The two finest movies of Steven Soderbergh's career—Out of Sightand The Limey—were shot back-to-back in 1997 and 1998, and together serve as a portrait in miniature of his whole career. Smart and stylish, one for a studio and one for an indie, both taking familiar movie tropes (one last heist, revenge flick) and making them snappier, funnier, weirder, more artful than even their screenwriters might have expected. (Certainly that's true of Lem Dobbs, disgruntled screenwriter of The Limey, who recorded a wonderfully argumentative commentary track with Soderbergh on that film's DVD.)
Like nearly all of Soderbergh's films, they're expertly cast—not only because they're full of great actors, but because many of the actors in them give performances they've never matched since. George Clooney's never been such a perfect mix of cool and hot as he is in Out of Sight. Luis Guzman's rarely shown the delicacy and care he does in The Limey. If not for her tough, sexy performance as Karen Sisco, Jennifer Lopez's entire movie career would be a wash.
Each film features an indelible sequence that's among Soderbergh's best ever; the differences between them point out how well Soderbergh can work in entirely different modes. Out of Sight's love scene is all rhythm and motion, a skein of soundless romance elegantly woven together with Jack and Karen's charged conversation at the hotel bar a few minutes before. The Limey's warehouse massacre is a single unedited shot: Terence Stamp, beaten bloody, rises from the pavement and shambles through the loading dock like the walking dead; we hear off-screen screams and gunshots; one survivor runs away, pursued by a blood-spattered Stamp, who shouts a message for his ultimate quarry—Peter Fonda's slick music exec—"TELL HIM I'M FUCKING COMIIIIINGGGGGG."
What makes both films masterpieces, though, is their unabashed emotionalism—the hearts that beat underneath their polished surfaces. In The Limey, it's the grief Stamp's character Wilson feels for the daughter he lost long before she died halfway around the world. In Out of Sight, it's the human connection—a little lust and a little love and a lot of mutual respect—that sparks between Jack Foley and Karen Sisco when he snaps his fingers against her thigh in the trunk of her car.
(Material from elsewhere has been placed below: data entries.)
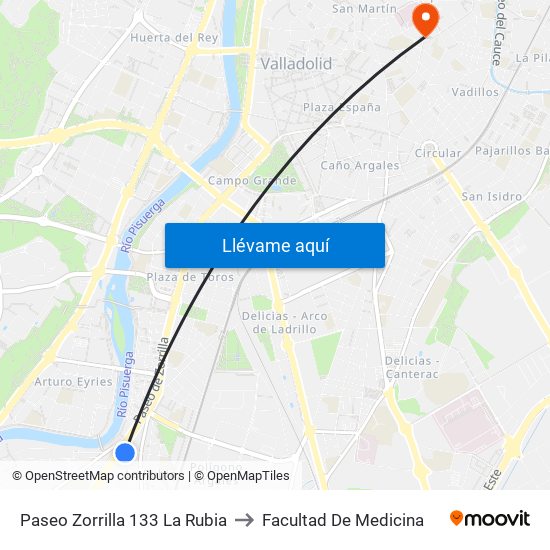 Paseo Zorrilla 133 La Rubia to Facultad De Medicina map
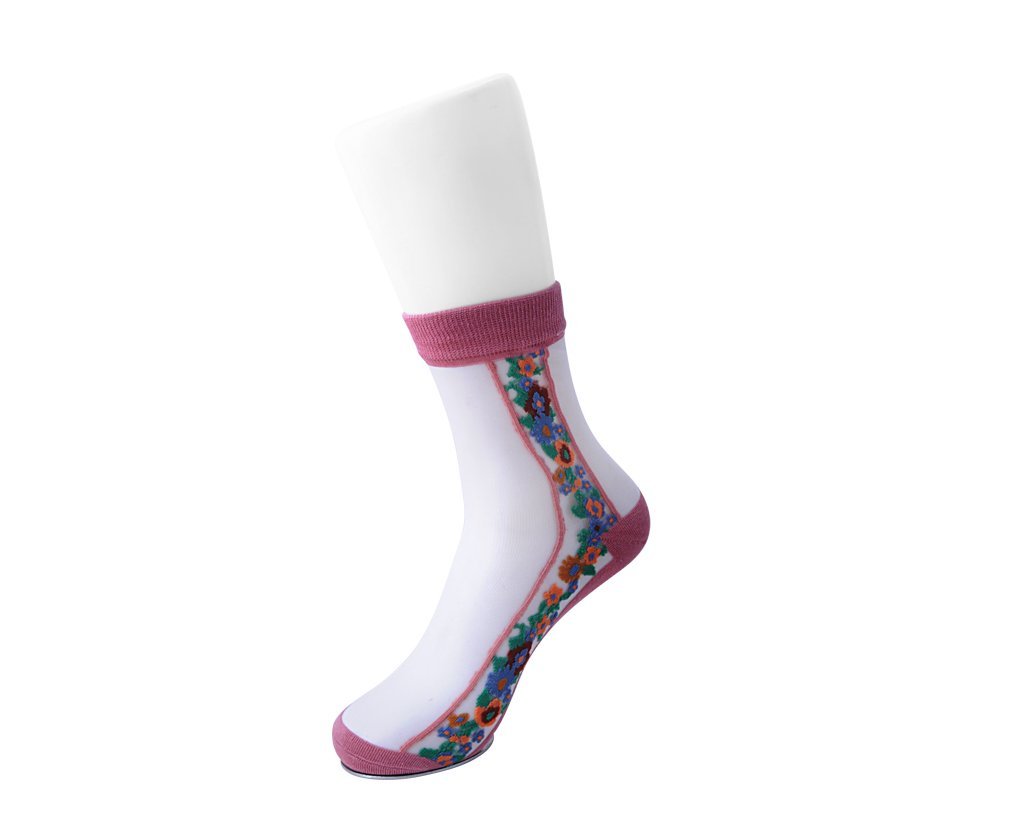 Blush Stripe Floral Sheer Sock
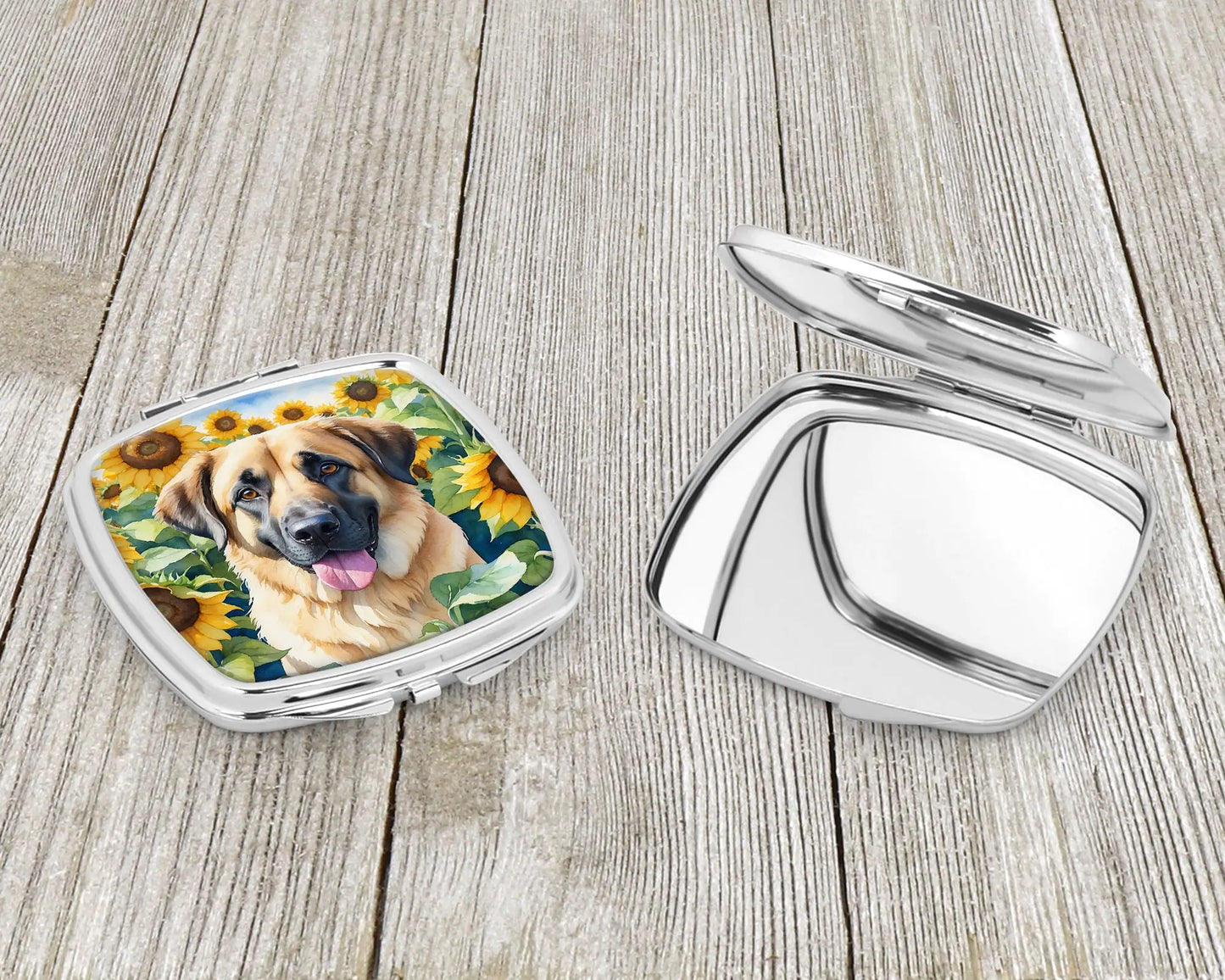 Anatolian Shepherd in Sunflowers Compact Mirror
What are they talking about? Movies, of course.
Soderbergh's third masterpiece is a minor one to most filmgoers but a major achievement to the tiny audience to whom it mattered: And Everything Is Going Fine, his 2010 elegy for the monologuist Spalding Gray. The director shot no footage for the film; instead, along with the editor Susan Littenberg, he built And Everything out of 120 hours of footage from Gray's life and performances. It's a remarkably ego-free and empathetic work of documentary, and it makes for a near-perfect portrait of an artist.
Four films, spanning Soderbergh's career, each of which aims squarely at a certain kind of classic-moviemaking target and hits it precisely. These classics don't break new ground but are examples of filmmaking at its highest level.
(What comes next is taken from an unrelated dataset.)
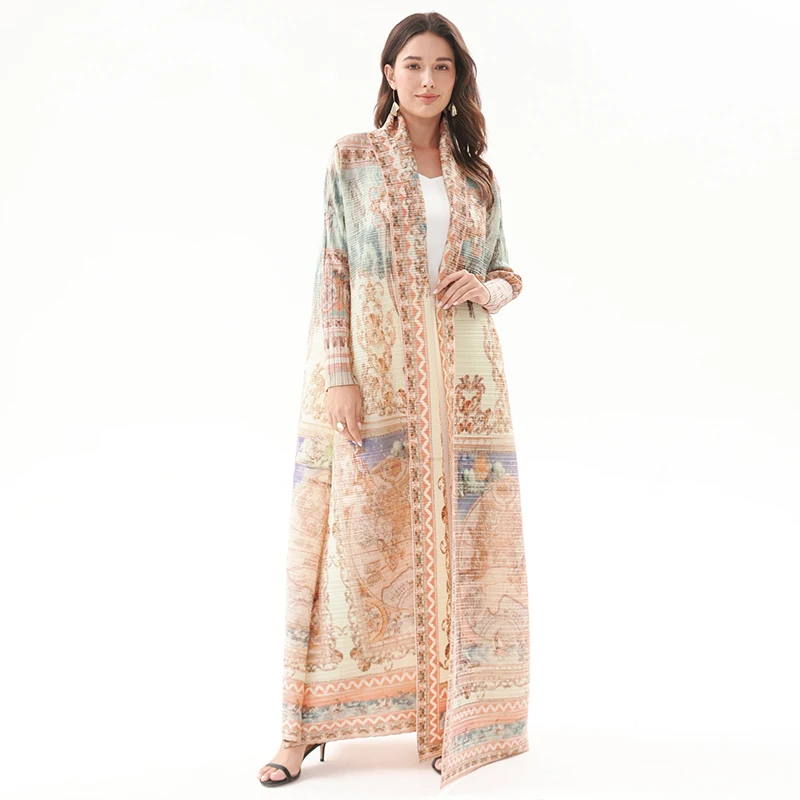 Factory Customized Miyake Open Abaya Print Kaftan Robes Pleated Lady Coat Commuting  Casual Long Dress Mid-East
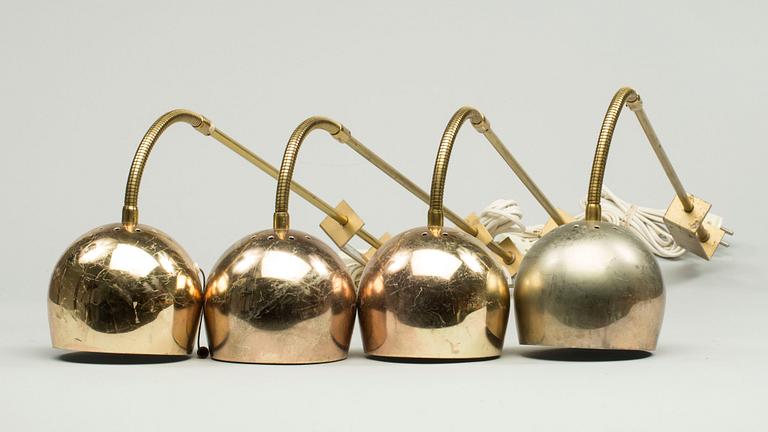 VÄGGLAMPOR, 4 st, mässing. Märkt "AJH", 1900-talets andra hälft.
King of the Hill, a 1993 adaptation of A.E. Hotchner's memoir, is among Soderbergh's warmest movies—a coming-of-age story that puts us in the head of its pint-sized hero (Jesse Bradford) as he struggles to keep his family together in Depression-era St. Louis. It's beautifully realized and impeccably cast, right down to the smallest roles—where close viewers might notice Katherine Heigl, Amber Benson, and Lauryn Hill, years before you saw them anywhere else. (It's out of print on DVD, but available on Amazon streaming video.)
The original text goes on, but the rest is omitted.